Stephen
Sondheim, el compositor y letrista de Broadway, es un genio. No porque lo diga yo sino por la diamantina
contundencia de su producción. Se dice que se requiere una dosis de
conocimiento o sofisticación para apreciarlo, puede que eso fuera cierto cuando
comenzó, hoy sus innovaciones ya están incorporadas a las resoluciones de la
música popular, porque como con todo genio, los compositores que admiraron su
trabajo y surgieron después lo hicieron asequible al gran público. Tanto es así
que Disney, que no produce nada que no llegue a generar adhesiones millonarias
en almas y billetes, se anima a llevar al cine este musical suyo. Se dice
también que es un gusto adquirido, que es necesario escucharlo más de una vez
para comenzar a degustarlo, dicho así suena trabajoso, pero Patricio Rey y los
redonditos de ricota también lo son y eso no impidió que se transformaran en un
culto multitudinario. A lo que voy es que no será Palito Ortega, pero tampoco
es Schoenberg. No tendrá la fácil y verificable melodía típica del sonido
Broadway, pero tampoco se sale de sus obras sin tararear alguna canción. Él es
otra cosa. Sus devotos siempre debemos sacarnos de encima primero estas
consideraciones, porque más de una vez nos hemos chocado al mencionarlo con un
“Ah, Sondheim”, con el que se quiere descalificarlo por raro o demandante.
En
1987, o sea siglos antes de que a algunos productores se les ocurriera la
serie, en mi modesta opinión un tanto pedorra, Once upon a time, el dramaturgo James Lapine y nuestro Sondheim estrenaron
en Broadway Into the woods. La obra
mezclaba algunos personajes de cuentos infantiles clásicos como Caperucita
Roja, la Cenicienta, Jack (el de las habichuelas mágicas), Rapunzel, con otros
de su propia cosecha tales como el Panadero, su Mujer, la Bruja y el Narrador,
quien podría ser también el padre fugitivo del Panadero. La obra fue un éxito
arrollador inmediato y conoció una larga temporada inicial, celebrados montajes
en grandes capitales teatrales y diversos reestrenos.
Como
en toda obra de Sondheim, la música está al servicio de la teatralidad de la
trama, que tiene una notable profundidad temática, aunque el seguimiento de la
misma sea algo sencillo y muy disfrutable. Como con los imperecederos clásicos
setentistas, Tiburón o Cabaret las
ideas surgen de una trama asequible y atrapante, no están impresas en ella, de
allí su éxito instantáneo. Y como en los cuentos cuyos personajes toma, las
vueltas del argumento por momentos son
oscuras y ostentan hechos de sangre, y el tono es, también por
momentos, reflexivo, asertivo,
aleccionador.
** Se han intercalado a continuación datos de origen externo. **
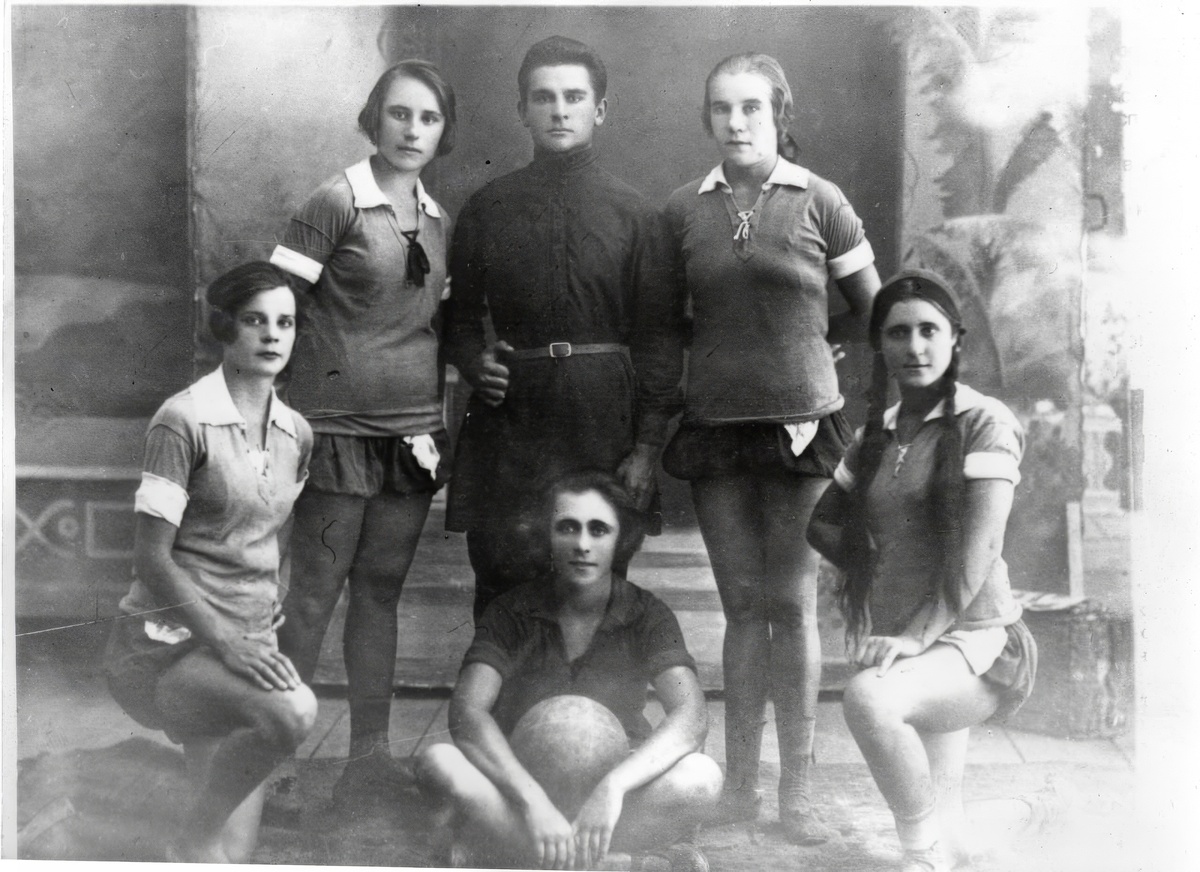 Волейболистки? 1930-е годы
Y parte de la noción, inserta en la tradición cultural
anglosajona, de que el bosque es un lugar misterioso, en el que no se sale
nunca de la manera en que se entró, es un lugar de aprendizaje en el que pueden
pasar cosas que se salen de lo normal, tales como el sexo irrestricto o el
crimen. Todo con mucho humor, gracia inspirada e ingenio envidiable.
Las
canciones claves nos dan la pista de cuáles son los ejes de la obra. Children
will listen (Los chicos escuchan) testimonia que los deseos, sueños o anhelos
de los padres forman o deforman los de los hijos. No one is alone (Nadie está
solo) ratifica que toda acción o elección tienen su consecuencia y que muchas
veces nuestro egocentrismo nos impide ver que nuestras acciones o elecciones
exceden nuestro encierro y tienen repercusiones sociales. Las canciones de Jack
y de Caperucita, después de hechos decisivos sobre los que no conviene
adelantar mucho, ratifican que crecer es inevitable, y que por más traumático
que sea es mejor que vegetar. Agony (Agonía) el vals de los príncipes da cuenta
de la necesidad de tener a veces anhelos incumplidos para poder ser con
plenitud o poder seguir adelante. La bruja dice por ahí que amar a veces es
meter la pata y que no hay disculpas pero tampoco salidas.
La
obra es rica de toda riqueza, elijan cualquier personaje, sigan su derrotero y
se toparán con unas cuantas revelaciones sobre las conductas humanas, las
concepciones sociales o sexuales heredadas y lo divertidamente equivocadas que
pueden estar.
Rob
Marshall, después de Chicago, es como
el señor de los musicales para el cine yanqui. Como se inició también como
coreógrafo, yo digo con maldad que se cree Bob Fosse, y por las dudas no se
entienda la maldad, agrego: Pobre. Esta vez procuraré ser justo con él. Como
fanático de Sondheim que soy, no coincidiré plenamente con nadie que acometa
este material. Al único director que no le objetaría decisión alguna hubiera
sido Ingmar Bergman, que entendía mucho de bosques, mitos y reveses humanos. Un
sueño, claro, porque Bergman que llegó a conocer y admirar la pieza, ni se
le cruzó por la cabeza la posibilidad de dirigirla.
Uno
de los méritos de Marshall, y no es poca cosa, consiste en reunir elencos
maravillosos. Este no es la excepción: Emily Blunt, James Corden, Meryl Streep,
Anna Kendrick, Chris Pine, Johnny Depp, Simon Russell Beale, Frances de la
Tour, Christine Baranski, Tracey Ullman; los casi debutantes Daniel Huttlestone
(Jack) y Lila Crawford (Caperucita); y los jóvenes aunque experimentados Billy
Magnussen (el Príncipe de Rapunzel) y Mackenzie Mauzy (Rapunzel) que acceden a
medirse con Meryl Streep y gente así.
Mi
corazoncito late más por algunos (Blunt, Corden, Kendrick) que por otros, pero
la dueña de la velada es , otra vez, Meryl Streep. Meryl vive en el prodigio, cuando uno cree que ya tocó techo y
que comenzará a desandar sus logros, repitiéndolos, revitalizándolos, lo que no
estaría mal, porque tiene joyas como para varias coronas, alcanza nuevas
alturas y uno se queda pasmado, con la boca abierta y con el alma otra vez de
fiesta. De allí que aunque parezca un abuso, una prepotencia, merezca todas y
cada una de las nominaciones que ganó por este trabajo. Lo que hace es perfecto
y podrían darse clases de cómo actuar en un musical, desmenuzando este casi
milagro que ejecuta aquí. Hace que cada inflexión, respiración cuenten. Las
intenciones, los subtextos, los matices son infinitos. Sabe que Sondheim es
genial y se abalanza con espíritu sibarita para saborear y hacernos partícipes
del banquete.
Puede
que no todas las decisiones de Rob Marshall sean las acertadas, pero Stephen
Sondheim y Meryl Streep hacen ineludible un paseo En el bosque.